Foi a suposta não-representatividade de Andrade Neto, no entanto, que veio a ser invocada pela Petrobrás e pelo governo para o não-cumprimento de mais este acordo. As condições, pelo mesmo argumento, teriam sido estabelecidas à revelia da direção da empresa.
O argumento é uma falsidade documentada. No mesmo dia da audiência suspensa a pedido da Petrobrás e do acordo feito na sede da estatal, Joel Mendes Rennó, presidente da empresa, remetia e assinava uma ``Nota ao Excelentíssimo Senhor Presidente da República Itamar Franco", cujo primeiro parágrafo dizia ``A Petrobrás e a Federação Única dos Petroleiros/Sindicatos, em reunião no dia de hoje, acordaram o seguinte:". Logo de saída, confirma oficialmente o acordo. O tal seguinte era nada menos do que a transcrição, letra por letra, retirada apenas a menção a uma sentença do TST contrária à Petrobrás, das cláusulas do acordo firmado naquela tarde e que Rennó diria, mais tarde, ter sido à revelia da direção da empresa e, sobretudo, da sua própria.

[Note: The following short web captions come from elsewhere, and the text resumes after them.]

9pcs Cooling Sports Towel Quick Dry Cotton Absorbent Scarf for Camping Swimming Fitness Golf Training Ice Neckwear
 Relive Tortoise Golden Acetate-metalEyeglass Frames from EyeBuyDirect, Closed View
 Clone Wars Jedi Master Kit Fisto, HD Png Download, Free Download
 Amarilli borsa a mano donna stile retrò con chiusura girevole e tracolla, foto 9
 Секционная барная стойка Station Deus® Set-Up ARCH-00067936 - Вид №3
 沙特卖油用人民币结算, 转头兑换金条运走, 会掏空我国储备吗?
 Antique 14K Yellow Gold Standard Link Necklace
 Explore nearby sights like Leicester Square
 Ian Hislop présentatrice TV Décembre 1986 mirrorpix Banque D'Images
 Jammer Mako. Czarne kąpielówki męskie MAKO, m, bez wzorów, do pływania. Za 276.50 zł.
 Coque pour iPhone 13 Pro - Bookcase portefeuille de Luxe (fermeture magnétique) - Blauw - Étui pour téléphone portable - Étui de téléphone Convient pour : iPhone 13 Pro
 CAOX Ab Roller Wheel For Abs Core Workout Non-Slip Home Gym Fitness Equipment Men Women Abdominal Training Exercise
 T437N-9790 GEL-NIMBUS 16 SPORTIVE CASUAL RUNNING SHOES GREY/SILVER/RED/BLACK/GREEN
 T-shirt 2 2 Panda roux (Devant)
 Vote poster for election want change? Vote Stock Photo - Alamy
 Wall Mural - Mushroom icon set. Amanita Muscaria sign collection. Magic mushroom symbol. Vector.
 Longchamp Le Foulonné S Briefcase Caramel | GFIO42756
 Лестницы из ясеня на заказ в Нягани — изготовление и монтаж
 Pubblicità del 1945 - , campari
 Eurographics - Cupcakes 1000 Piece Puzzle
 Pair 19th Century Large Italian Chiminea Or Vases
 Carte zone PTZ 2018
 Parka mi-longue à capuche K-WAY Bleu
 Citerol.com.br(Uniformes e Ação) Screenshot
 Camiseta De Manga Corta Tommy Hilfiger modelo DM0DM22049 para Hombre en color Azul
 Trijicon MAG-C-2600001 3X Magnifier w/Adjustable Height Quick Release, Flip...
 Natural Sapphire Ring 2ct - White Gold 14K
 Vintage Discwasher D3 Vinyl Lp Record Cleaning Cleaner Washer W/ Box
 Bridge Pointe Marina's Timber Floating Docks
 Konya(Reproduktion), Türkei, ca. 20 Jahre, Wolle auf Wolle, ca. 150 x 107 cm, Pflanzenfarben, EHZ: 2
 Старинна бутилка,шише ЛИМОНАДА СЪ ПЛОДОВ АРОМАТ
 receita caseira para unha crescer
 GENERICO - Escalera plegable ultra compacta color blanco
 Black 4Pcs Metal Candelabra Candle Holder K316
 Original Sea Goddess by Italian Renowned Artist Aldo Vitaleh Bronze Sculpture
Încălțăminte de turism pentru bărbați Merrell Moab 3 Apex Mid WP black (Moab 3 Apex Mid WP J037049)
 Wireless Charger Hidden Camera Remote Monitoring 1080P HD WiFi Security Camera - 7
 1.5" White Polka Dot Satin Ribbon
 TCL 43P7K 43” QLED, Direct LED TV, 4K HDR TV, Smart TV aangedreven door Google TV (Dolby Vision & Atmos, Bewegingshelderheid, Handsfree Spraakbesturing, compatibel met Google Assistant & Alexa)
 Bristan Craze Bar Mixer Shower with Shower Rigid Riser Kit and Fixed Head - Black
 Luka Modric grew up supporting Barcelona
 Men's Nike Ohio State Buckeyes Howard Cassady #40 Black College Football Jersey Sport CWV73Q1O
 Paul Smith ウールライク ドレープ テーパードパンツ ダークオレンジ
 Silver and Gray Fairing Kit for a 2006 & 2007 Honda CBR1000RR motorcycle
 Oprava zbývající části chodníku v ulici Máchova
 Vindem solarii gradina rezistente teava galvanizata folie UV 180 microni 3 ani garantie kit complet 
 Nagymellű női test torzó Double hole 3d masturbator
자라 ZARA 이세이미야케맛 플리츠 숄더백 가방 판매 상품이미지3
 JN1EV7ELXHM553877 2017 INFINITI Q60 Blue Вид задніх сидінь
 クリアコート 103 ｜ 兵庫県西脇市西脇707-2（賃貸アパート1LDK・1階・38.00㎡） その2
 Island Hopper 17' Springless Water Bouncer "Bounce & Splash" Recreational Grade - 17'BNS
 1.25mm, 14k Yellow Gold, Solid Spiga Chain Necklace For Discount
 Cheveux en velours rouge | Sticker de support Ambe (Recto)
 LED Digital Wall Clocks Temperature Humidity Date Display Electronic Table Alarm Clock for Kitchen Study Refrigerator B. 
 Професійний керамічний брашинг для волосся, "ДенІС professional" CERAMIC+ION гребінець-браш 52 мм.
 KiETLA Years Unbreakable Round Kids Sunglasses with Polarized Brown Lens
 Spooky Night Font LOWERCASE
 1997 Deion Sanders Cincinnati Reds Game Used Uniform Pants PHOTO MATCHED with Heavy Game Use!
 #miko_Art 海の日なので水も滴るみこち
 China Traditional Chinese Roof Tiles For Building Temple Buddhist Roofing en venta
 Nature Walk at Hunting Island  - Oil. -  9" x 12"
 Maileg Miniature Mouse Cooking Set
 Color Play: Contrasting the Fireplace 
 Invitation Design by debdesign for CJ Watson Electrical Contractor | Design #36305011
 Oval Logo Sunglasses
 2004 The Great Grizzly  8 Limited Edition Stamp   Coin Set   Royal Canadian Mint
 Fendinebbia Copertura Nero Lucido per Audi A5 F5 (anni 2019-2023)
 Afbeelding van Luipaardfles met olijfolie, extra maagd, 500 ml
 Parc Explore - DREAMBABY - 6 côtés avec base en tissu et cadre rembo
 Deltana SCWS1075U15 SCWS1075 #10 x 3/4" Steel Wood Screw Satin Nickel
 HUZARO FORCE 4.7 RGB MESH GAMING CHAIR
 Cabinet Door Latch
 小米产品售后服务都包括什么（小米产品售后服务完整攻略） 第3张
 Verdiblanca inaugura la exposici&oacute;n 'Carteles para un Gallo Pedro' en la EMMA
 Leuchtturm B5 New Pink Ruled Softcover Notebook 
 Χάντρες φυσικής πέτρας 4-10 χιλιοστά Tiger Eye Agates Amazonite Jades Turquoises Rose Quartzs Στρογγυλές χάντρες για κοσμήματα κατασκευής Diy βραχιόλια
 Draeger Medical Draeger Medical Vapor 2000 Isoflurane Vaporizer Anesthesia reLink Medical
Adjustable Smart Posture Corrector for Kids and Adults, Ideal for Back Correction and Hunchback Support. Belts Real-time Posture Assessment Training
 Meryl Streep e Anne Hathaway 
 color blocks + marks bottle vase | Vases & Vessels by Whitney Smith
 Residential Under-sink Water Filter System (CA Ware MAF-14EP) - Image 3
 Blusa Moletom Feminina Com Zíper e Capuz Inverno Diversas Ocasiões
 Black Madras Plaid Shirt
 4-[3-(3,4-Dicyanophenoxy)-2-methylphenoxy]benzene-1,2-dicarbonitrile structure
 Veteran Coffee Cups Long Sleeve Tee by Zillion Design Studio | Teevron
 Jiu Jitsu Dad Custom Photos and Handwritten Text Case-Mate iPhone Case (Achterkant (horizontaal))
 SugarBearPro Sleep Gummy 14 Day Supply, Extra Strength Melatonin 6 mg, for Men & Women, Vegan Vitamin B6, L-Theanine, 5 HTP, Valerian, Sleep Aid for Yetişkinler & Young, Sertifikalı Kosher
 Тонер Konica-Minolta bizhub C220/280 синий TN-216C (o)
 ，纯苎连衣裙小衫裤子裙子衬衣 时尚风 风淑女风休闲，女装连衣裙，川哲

O comunicado do entendimento, feito a Itamar, desmente tudo o que Rennó, outros diretores da Petrobrás e o atual governo disseram sobre o não cumprimento do acordo e nas alegações que levaram o TST a sentenciar a abusividade da greve de maio deste ano.
A partir de 25 de novembro e durante cinco meses, quatro dos quais no atual governo, os petroleiros tentaram em vão o cumprimento do acordo. Nesse período, Rennó emitiria ainda outro documento (também sonegado aos fatos reais) com sua assinatura, de 5 de dezembro, tratando com o ministro das Minas e Energia de questão relativa ao cumprimento, não efetivado, do mesmo acordo.
Empossado o novo governo, Joel Rennó foi mantido e agora confirmado na presidência da Petrobrás. Não é preciso explicar por quê.